= Knat Scatt Private Eye =

1986 musical by Eric Forsberg and Charlie Silliman

Knat Scatt Private Eye is a two-act, 1930s-style film noir musical, which played for an extended run at The Theater Building in Chicago in 1986, featuring a young Steve Carell. It was based on a one-act musical with the same title which was originally produced earlier that year by Players Workshop for The Children's Theater of The Second City, and performed on The Second City stage in Chicago. Both versions of Knat Scatt Private Eye were written and directed by Eric Forsberg with music and lyrics by Charlie Silliman.

== Background ==
The 1930s-style musical comedy thriller, Knat Scatt Private Eye, was first produced as a musical for young audiences at The Children's Theater Of The Second City in Chicago in 1986. The original production was produced by Players Workshop, the improv school and production company that trained young performers in sketch comedy for The Second City stage. After attending a performance of Knat Scatt Private Eye at the Second City, independent producers, Robert and Marion Mortimer commissioned the writers to rework the one-act musical into a two-act Broadway-style production for adults. Composer and lyricist, Charlie Silliman, and script writer, Eric Forsberg rewrote the original children's show to be more appealing to a general audience. The new version of Knat Scatt Private Eye was remounted in its new form at The Theater Building in Chicago later that year.

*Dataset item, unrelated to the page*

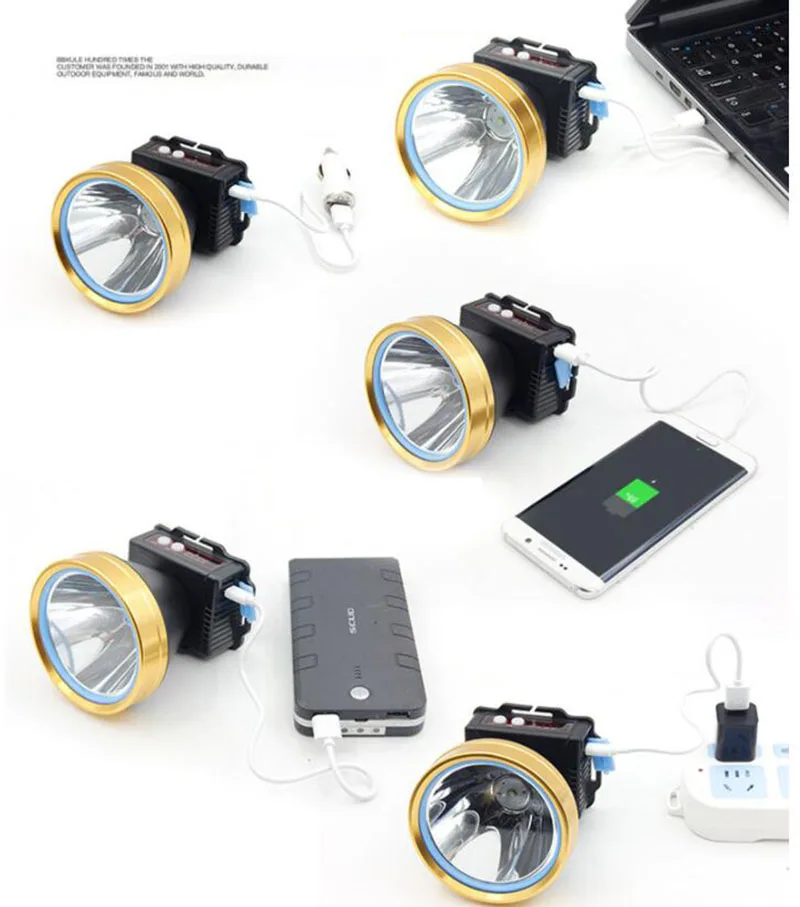 Светодиодный головной фонарь высокой мощности T6 с Usb зарядкой для передней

The second production of Knat Scatt Private Eye starred Walter Lewis, Mary Weiss, Lori Hammel, Tim Scott Ferguson, Steve Carell, John Richmond Kenney, Collette Hawley, Marla Cahan, Carla Kendal, Don Neason, Brian-Mark Conover, Travis Lawhon, Phil Martini, and Marilyn Rudnick. Sets were designed by Martin de Maat. The cast of 14 performers play over 40 characters in 21/2 hours. Carell played the numb-skull henchman of Ben Behemoth, where one of his bits was burping the alphabet (a gag later used in one of his films), Tony the tough, opera-singing Mafioso and Ching, the singing and dancing Chinese tough who shakes down a neighborhood restaurant owner before Knat Scatt beats him up and saves the day. The second production opened to good reviews from the Chicago Sun-Times and the Chicago Tribune. The play ran for six months on The Theater Building's main stage.

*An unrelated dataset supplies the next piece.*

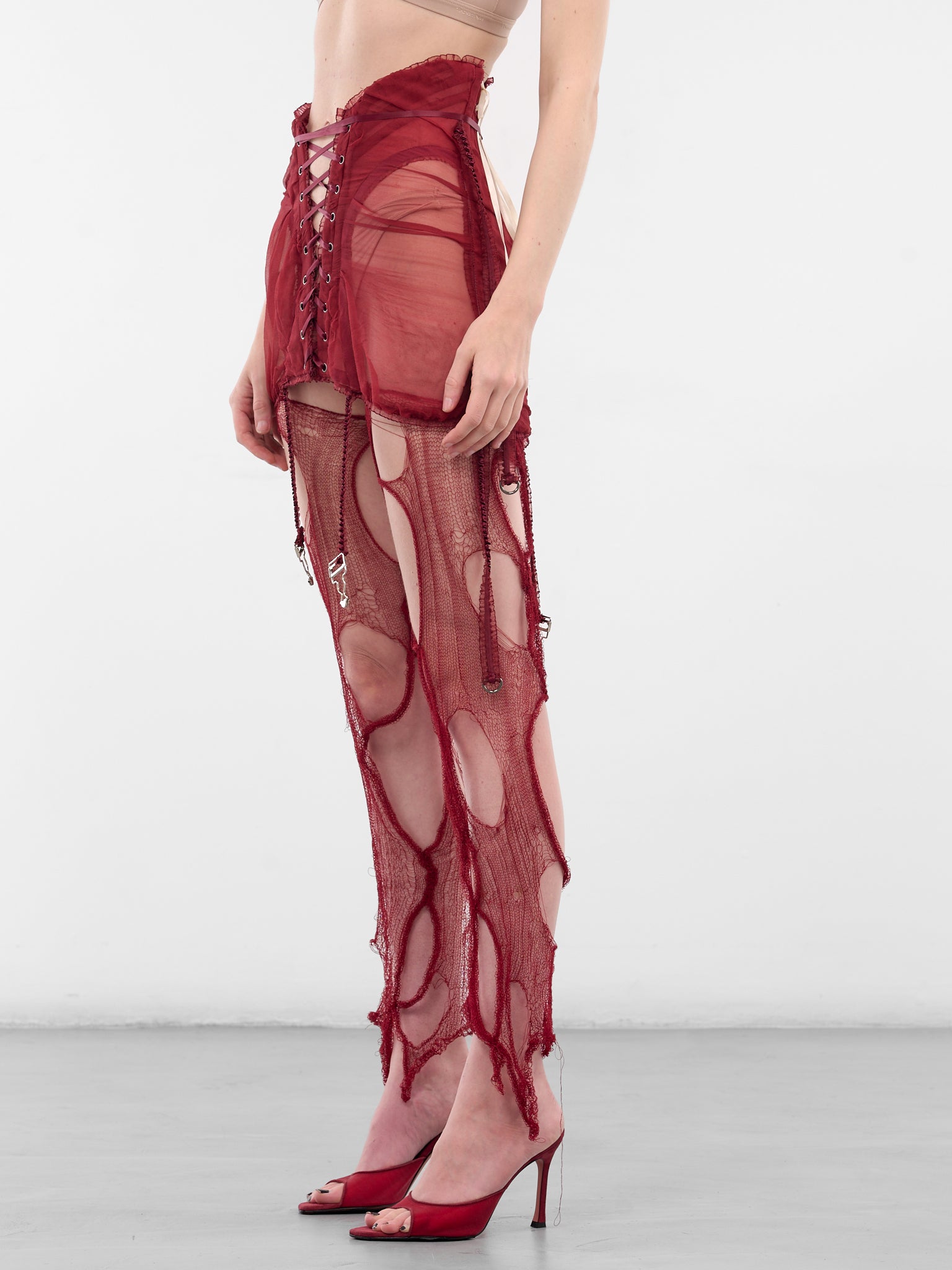 Breathing Veins Distressed Leg Warmers (BREATHING-VEINS-RED)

== Members of the Knat Scatt Private Eye cast move on ==
A number of members of the production went on to much bigger things. Mary Weiss was one of the creators of The Real Live Brady Bunch at The Annoyance Theater, which led to a series of feature film remakes. Marla Cahan went on to become a big casting director in New York City and Los Angeles. Martin de Maat went on to become the head of The Second City Training Center. Eric Forsberg went on to make feature films. Steve Carell went on to become a member of The Second City comedy troupe, and later the star of blockbuster movies like 40 Year Old Virgin, Anchorman, and Little Miss Sunshine.